Keesokan harinya sepasang pengantin baru itu terbangun dalam keadaan saling berpelukan. Raya merona dan menarik tubuhnya. Suara lembut ponselnya menyelamatkan dirinya dari suasana canggung di pagi hari.
“Mama… terimakasih untuk bulan madunya,” ujar Raya pada ibu mertuanya yang menelepon.
“Raya suka di sana?”
“Aku bisa betah di sini, Mama,” ujar Raya lembut sembari melirik Genta yang bangkit dari tempat tidur dan menuju kamar mandi.
“Apa Genta baik padamu?”
Raya tertawa, “Iya, tentu saja. Genta itu sebaik Mama. Ma... mau dibawain oleh-oleh apa?”
“Apa saja yang kamu pilih, Raya. Jangan pikirkan Mama, nikmati saja bulan madumu.”
“Ya, Mama.”
Dan tiba-tiba Raya merasa memiliki ibunya kembali.
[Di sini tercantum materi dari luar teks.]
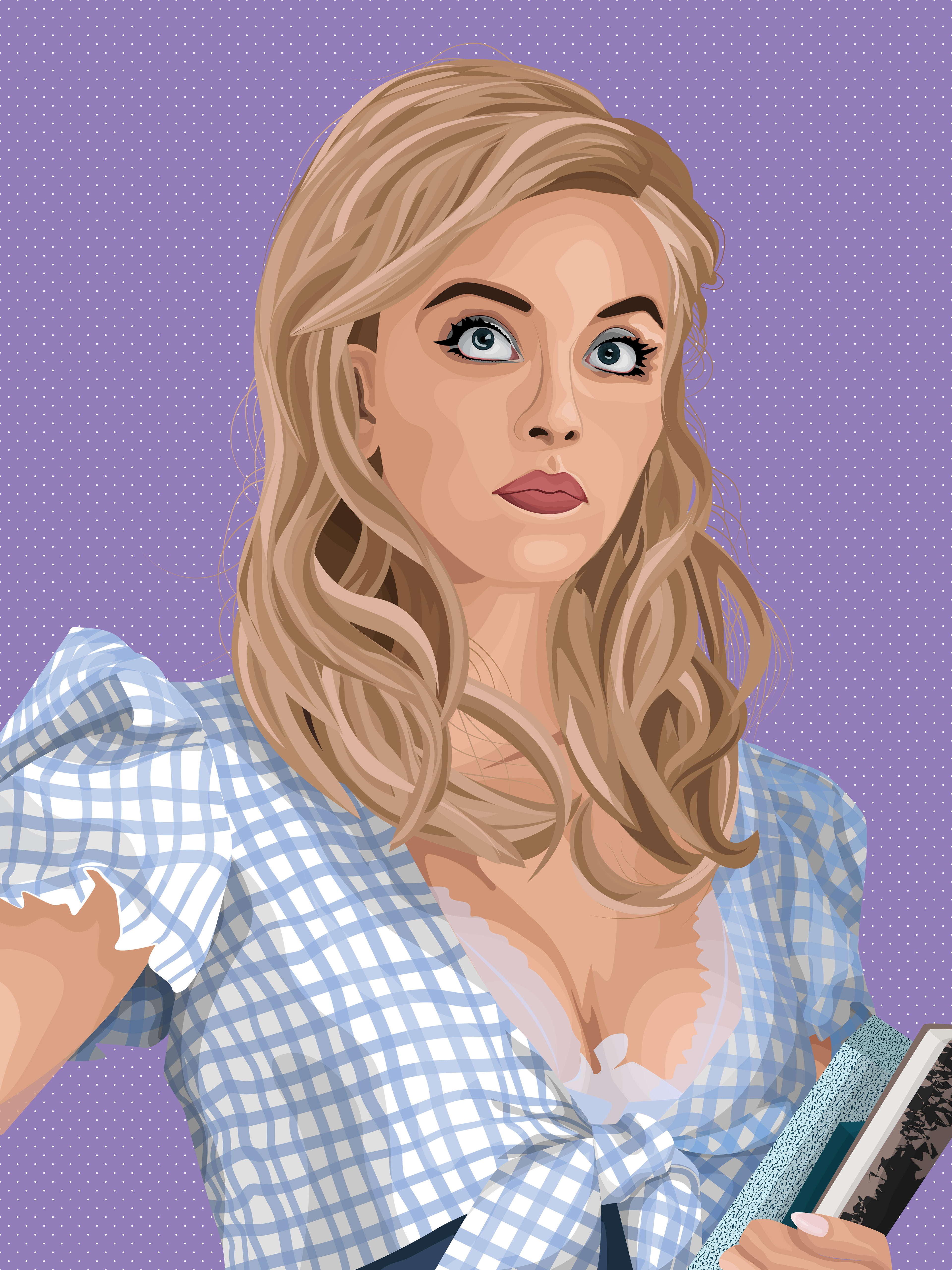 June 2022 - This project was solely done to sharpen my skills in Adobe Illustrator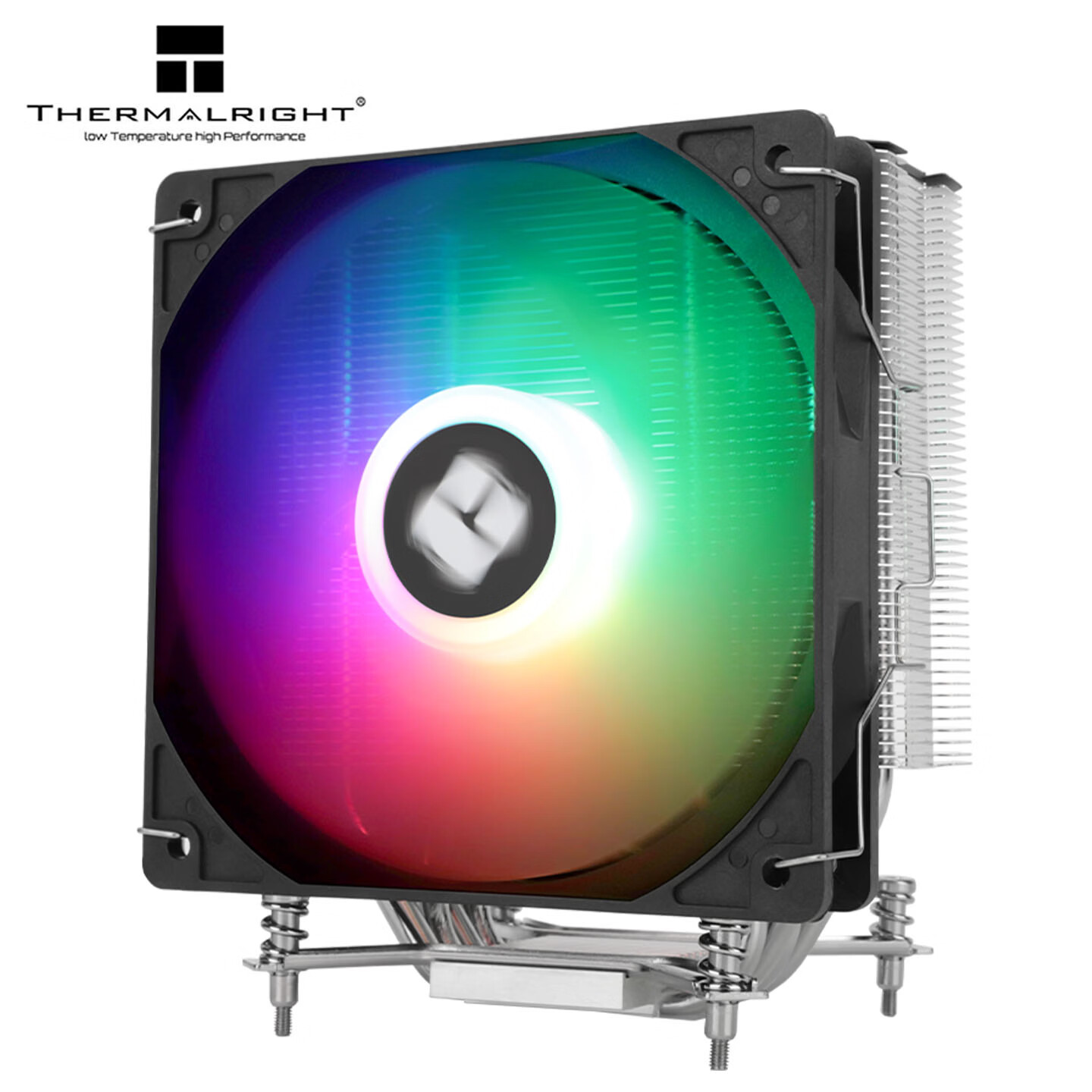 利民 AX120R SE ARGB 四热管风冷散热器 LGA1700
Sejak mereka memulai perjalanan bulan madunya dengan Genta, ia tidak pernah menghubungi siapa pun kecuali ibu mertuanya. Mereka bicara apa saja, tentang alam pedesaannya, udaranya, danaunya, bayinya dan tentu saja Genta. Dan Raya mendapati ia begitu menikmati setiap percakapan antara dirinya dan Bu Anindya. Tapi kenapa ia belum memiliki perasaan apa-apa pada laki-laki yang terus-terusan bersamanya, padahal ia begitu mudah mencintai ibu dari laki-laki itu?